Насколько можно понять, «главный президентский юрист» практически равнодушен к практике применения инициируемых им и разрабатываемых под его руководством законов. Складывается ощущение, что он вообще не видит практику правоприменения как самостоятельную сферу деятельности людей, отличную от конструирования и написания законов, и даже, более того, не подозревает о существовании этой сферы.

Именно эта потрясающая всякого правоведа особенность, граничащая с обыденной для современной правящей бюрократией безграмотностью, вероятно, и превращает его деятельность в цепь «достижений», более всего напоминающих профессиональные катастрофы.

В самом деле, первая же связанная с именем Козака реформа – судебная – не только поставила суды, по сути дела, под контроль исполнительной власти, но и, насколько можно понять, окончательно дискредитировала их в глазах общества, похоронив последние надежды последнего на превращение судов в независимый, беспристрастный и правовой инструмент разрешения конфликтов. [49]

49

Справедливости ради надо отметить, что одной цели судебная реформа все же достигла: она вывела основную часть региональных судов из-под контроля региональных властей – правда, не для обеспечения независимости судебной власти, а, насколько можно понять, для ее подчинения президентской «вертикали», делом отрицающей саму идеологию разделения властей.

Однако в отношении региональных подразделений формально тоже являющейся независимой прокуратуры, а также подчиняющихся президенту, а не правительству МВД и некоторых иных силовых структур эта задача была решена в рамках института полномочных представителей президента.

Весьма вероятно, что и перевод судебной системы из-под регионального под федеральный контроль также был вполне осуществим в ходе разделения страны на семь федеральных округов.
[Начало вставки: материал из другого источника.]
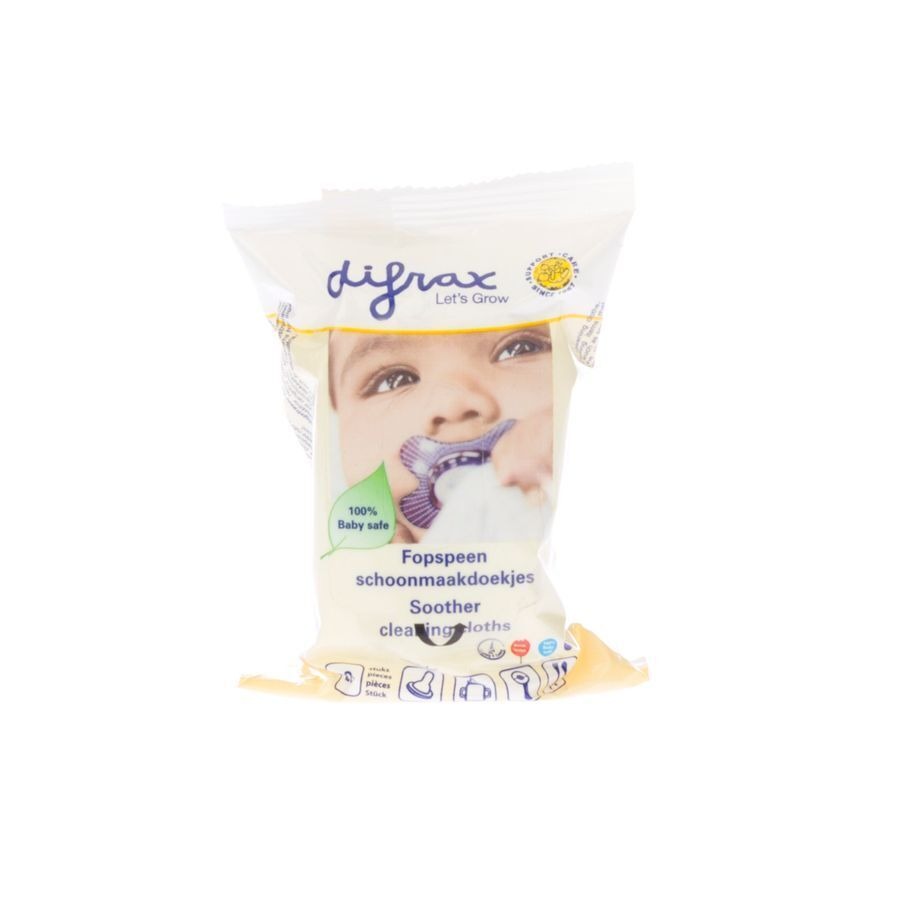Difrax Schoonmaakdoekjes Fopspeen 20 459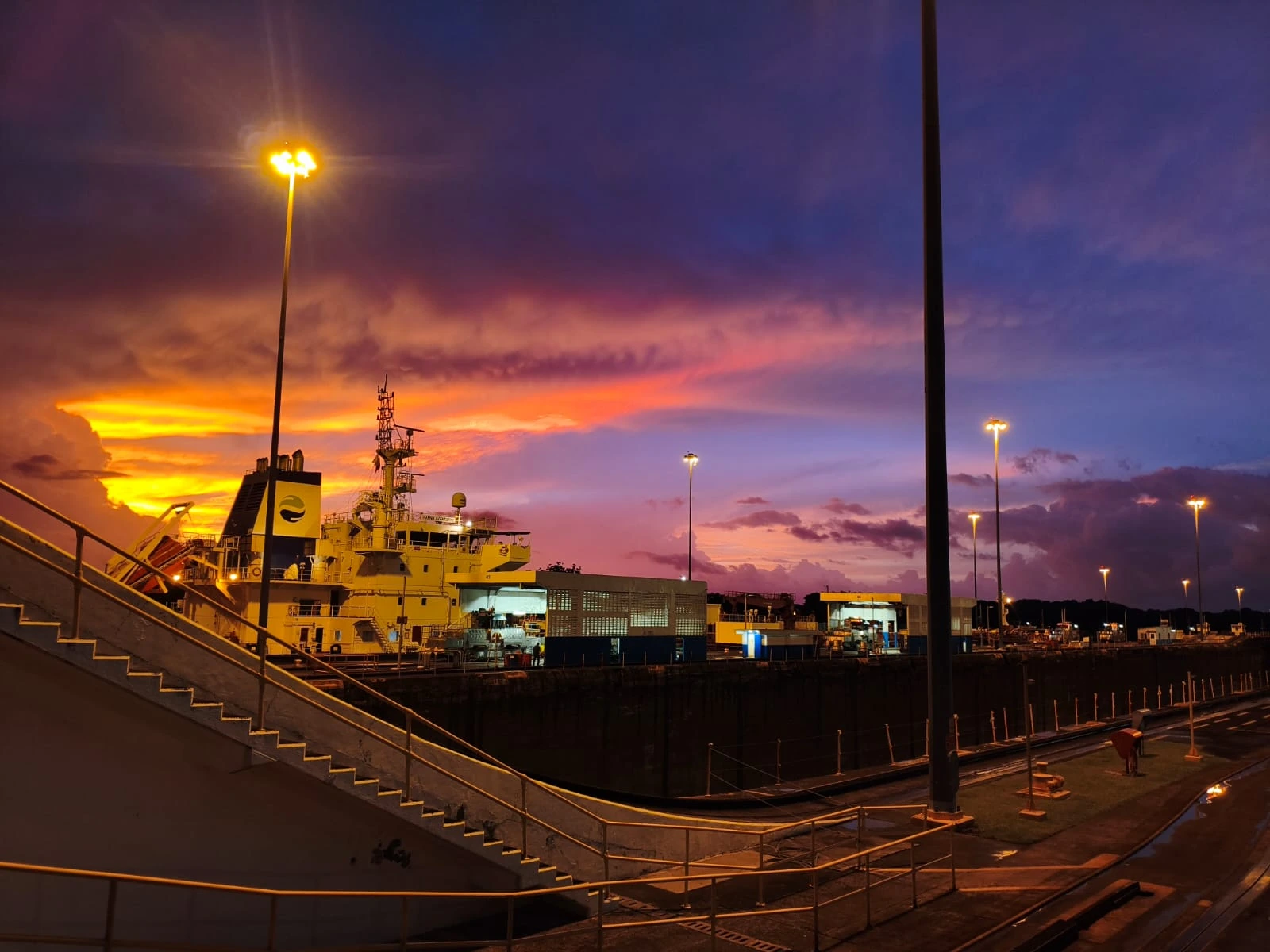 Commercial vessels during Panama Canal operations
В этом случае реформа судебной системы «по Козаку» (за исключением существенного увеличения расходов на ее содержание, не имеющего, впрочем, прямого отношения к процессу реформирования) была, строго говоря, просто избыточной.

Второе масштабное детище этого «эффективного менеджера» путинской «бригады» – административная реформа – обернулась продолжающимся уже более полутора лет параличом правительства, погруженным во внутренние склоки, институционально обусловленные именно проведенными преобразованиями. [50] Поистине, если бы кто-то хотел искусственно сконструировать в российском государстве управленческий кризис, он не смог бы придумать ничего более разрушительного.

Наконец, мало кто помнит, что закон о людоедской монетизации льгот, доказавшей миллионам россиян объективную враждебность им правящей путинской бюркратии и кардинально изменившей их отношение к сложившемуся политическому режиму, на самом деле был всего лишь законом о «разграничении полномочий между уровнями власти». Да, монетизация была творением заслуженно проклятых народом России Зурабова, Кудрина и Грефа, но ее основные принципы и механизмы были сформированы, насколько можно понять, именно Козаком. По всей видимости, он из органически присущего ему стремления к порядку возжаждал максимально упростить и формализовать сложившийся во многом несовершенный, но все-таки живой и функционировавший общественный организм, распределявший обязанности и деньги между федеральными, региональными и местными властями.

50

Подробней об этом и о других реформах, подготовленных либо инициированных Д. Козаком, см. в книге Михаила Делягина «Россия после Путина. Неизбежна ли оранжево-зеленая революция?» М., «Вече», 2005.